→ THE TASK:
Below are entries to reproduce exactly, apart from their pictures.

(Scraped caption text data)
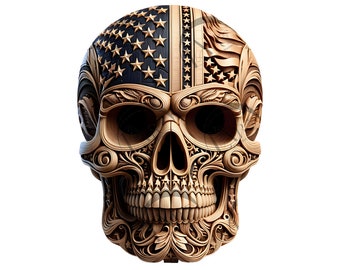 American Skull 3D Illusion Laser Engraving Design - USA Flag Patriotic Skull - US Veterans Laser cut Gothic Skull. CO2, Diode, Glowforge.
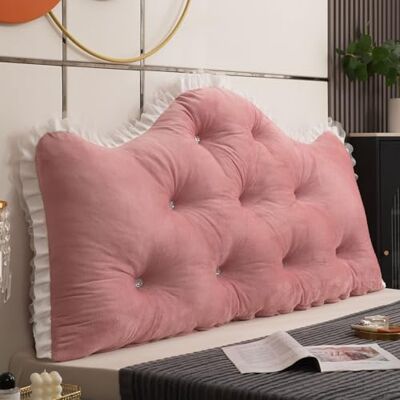 YFPZHZ Coussin de tête de lit en peluche avec housse amovible et lavable (180 x 70 x 15 cm, rose 1) YFPZHZ Coussin de tête de lit en peluche avec housse amovible et lavable (180 x 70 x 15 cm, rose 1)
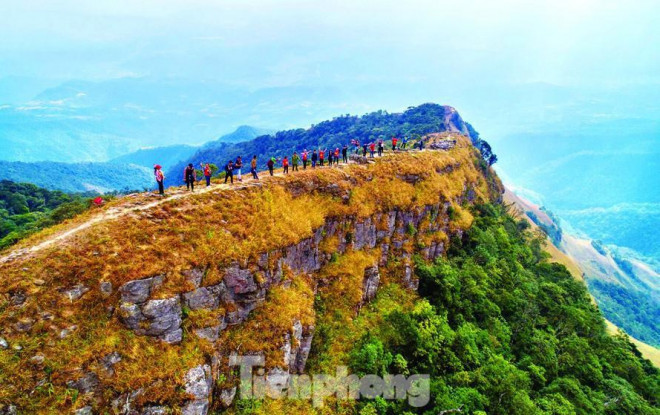 Sống lưng "Khủng long" cao nhất ở Núi Cha trên đỉnh Mẫu Sơn hùng vĩ - Ảnh: Ngọc Minh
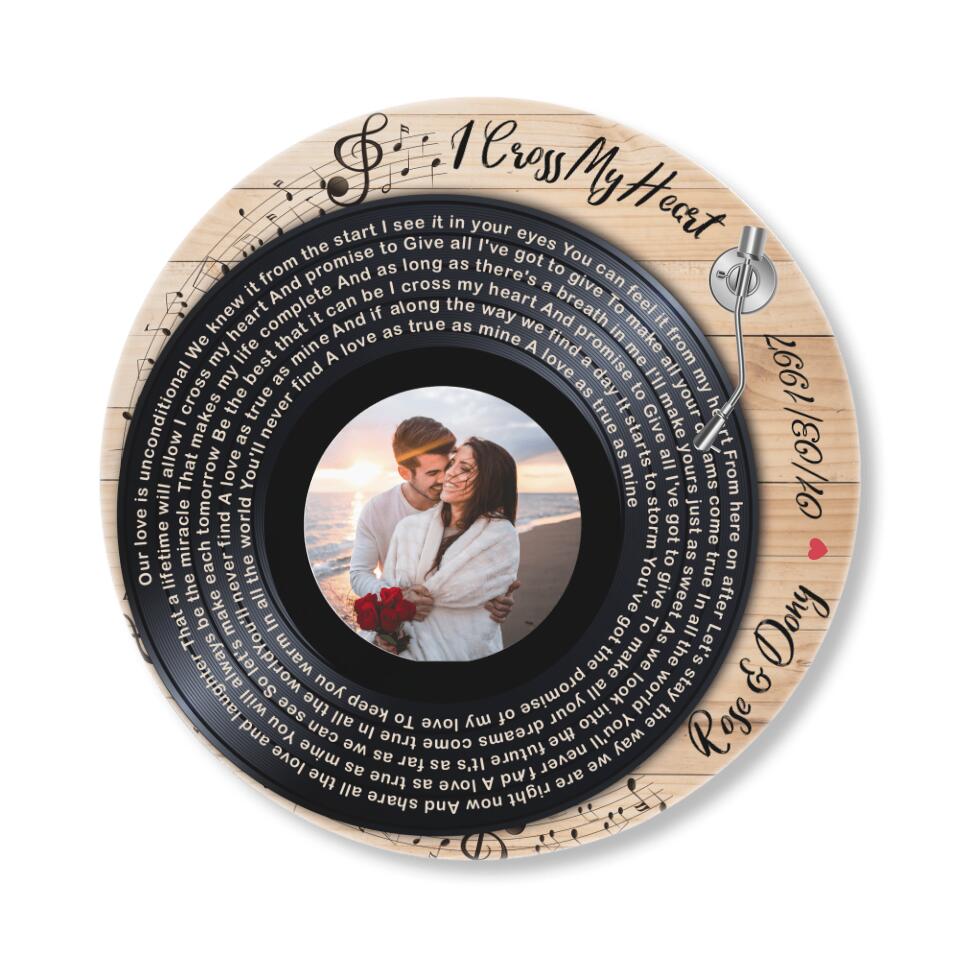 Vinyl Record Song Lyrics Gift for Him, Birthday Present - 2nd 4th 12th Wooden Anniversary Gift for Her -  208IHNTHRW508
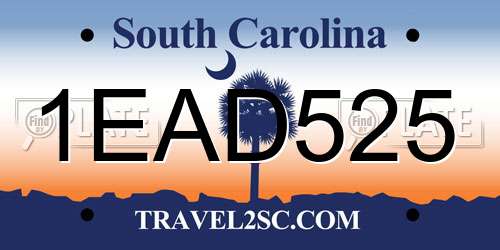 1EAD525 South Carolina License Plate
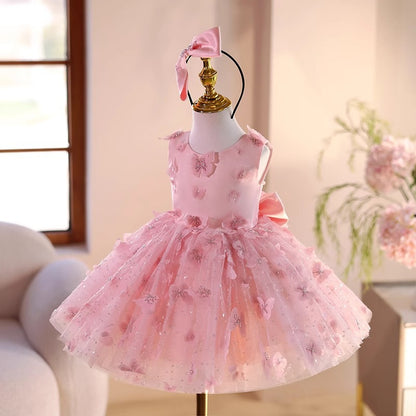 Children's Tulle Dress with Little Flowers
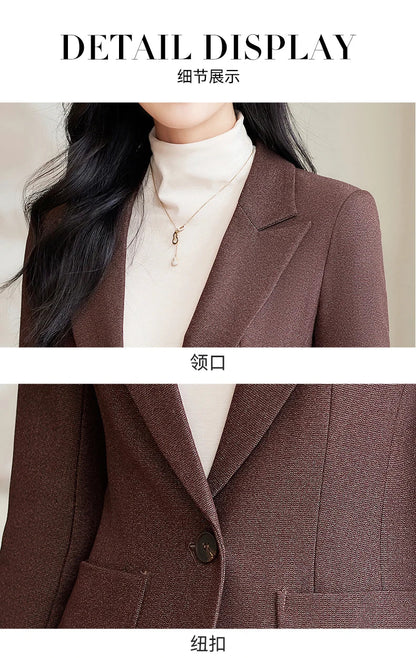 Fashionable professional women's high-quality two-piece trousers + blazer set. 2025 autumn and winter new styles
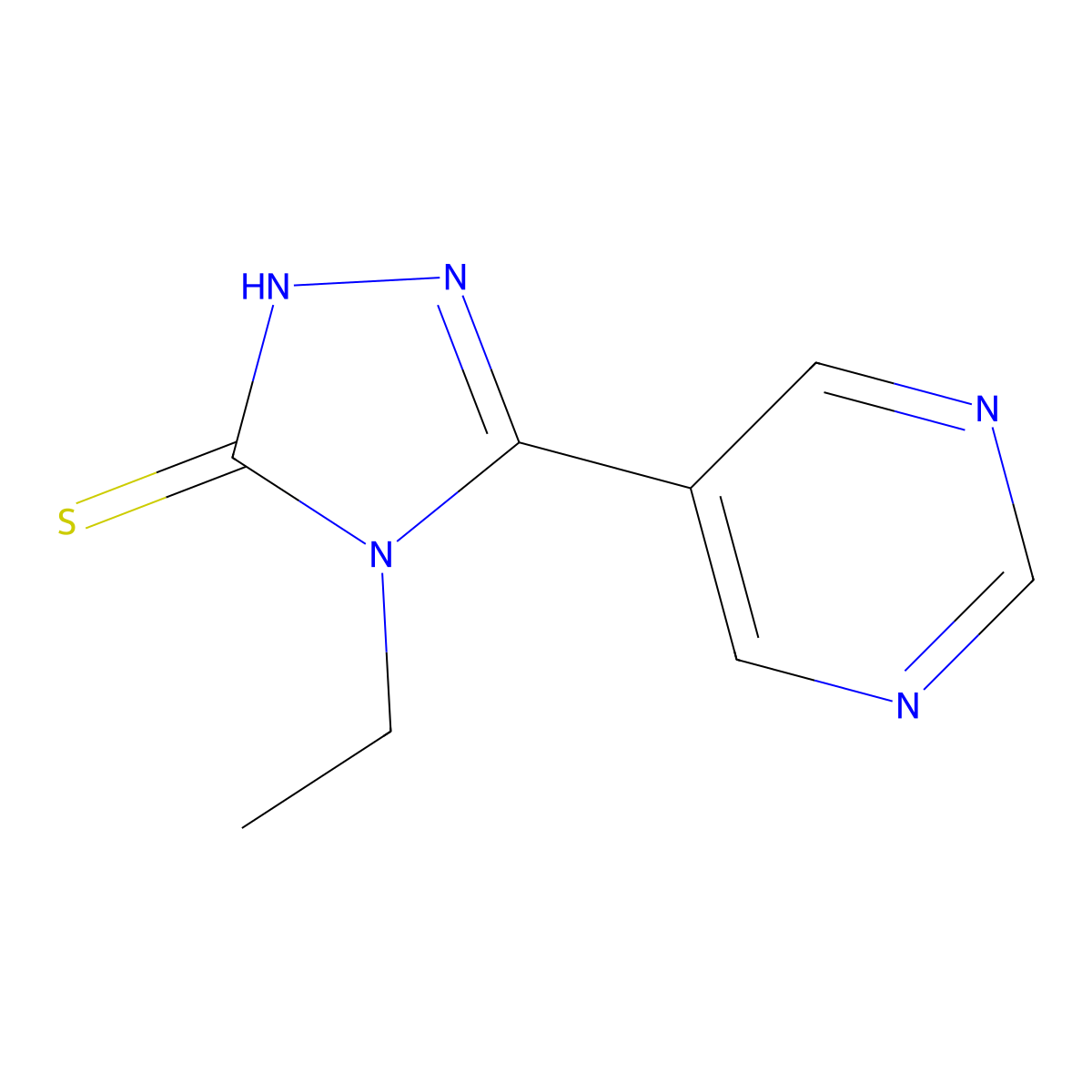 4-Ethyl-5-(pyrimidin-5-yl)-4H-1,2,4-triazole-3-thiol molecular structure, CAS 1056157-31-3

→ SOLVED PROBLEM:
 American Skull 3D Illusion Laser Engraving Design - USA Flag Patriotic Skull - US Veterans Laser cut Gothic Skull. CO2, Diode, Glowforge.
 YFPZHZ Coussin de tête de lit en peluche avec housse amovible et lavable (180 x 70 x 15 cm, rose 1) YFPZHZ Coussin de tête de lit en peluche avec housse amovible et lavable (180 x 70 x 15 cm, rose 1)
 Sống lưng "Khủng long" cao nhất ở Núi Cha trên đỉnh Mẫu Sơn hùng vĩ - Ảnh: Ngọc Minh
 Vinyl Record Song Lyrics Gift for Him, Birthday Present - 2nd 4th 12th Wooden Anniversary Gift for Her -  208IHNTHRW508
 1EAD525 South Carolina License Plate
 Children's Tulle Dress with Little Flowers
 Fashionable professional women's high-quality two-piece trousers + blazer set. 2025 autumn and winter new styles
 4-Ethyl-5-(pyrimidin-5-yl)-4H-1,2,4-triazole-3-thiol molecular structure, CAS 1056157-31-3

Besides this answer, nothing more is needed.